Monday, November 16 • 14:55 - 15:40
Swarming Spark applications

 We built Zoe, an open source user-facing service that ties together Spark, a data-intensive framework for big data computation, and Swarm, the Docker clustering system. It targets data scientists who need to run their data analysis applications without having to worry about systems details. Zoe can execute long running Spark jobs, but also Scala or iPython interactive notebooks and streaming applications, covering the full Spark development cycle. When a computation is finished, resources are automatically freed and available for other uses, since all processes are run in Docker containers. 

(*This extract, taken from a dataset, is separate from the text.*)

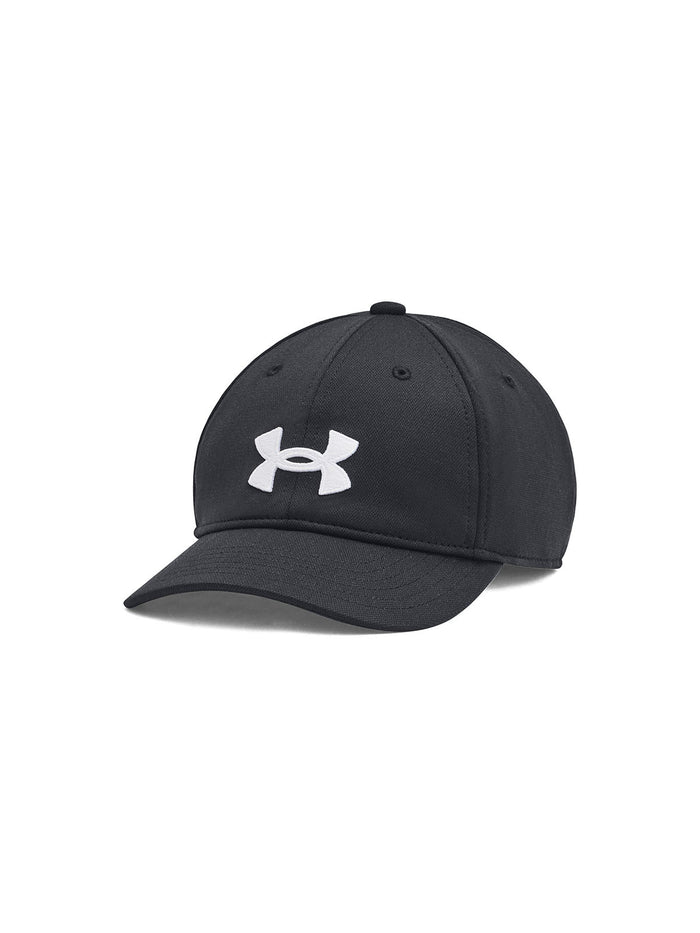 Jockey Blitzing para niño Under Armour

In this talk we are going to present why Zoe, the Container Analytics as a Service, was born, its architecture and the problems it tries to solve. Zoe would not be there without Swarm and Docker and we will also talk about some of the stumbling blocks we encountered and the solutions we found, in particular in transparently connecting Docker hosts through a physical network. Zoe was born as a research prototype, but is now stable and is currently being used to run real jobs from users in our research institution. Application scheduling on top of Swarm and optimized container placement will also be covered during the presentation. 

Daniele Venzano

Research Engineer, EURECOM
Daniele Venzano works as a Research Engineer in the Distributed Systems Group at Eurecom in Sophia Antipolis, southern France, since 2013. His main focus is virtualization technologies with an eye to optimizations for data intensive frameworks like Spark and Hadoop.Before he was part of the Networked Systems Laboratory at EPFL in Lausanne, Switzerland, where he developed Nice, a testing framework for OpenFlow controller applications.

Monday November 16, 2015 14:55 - 15:40
Level 1, Room 114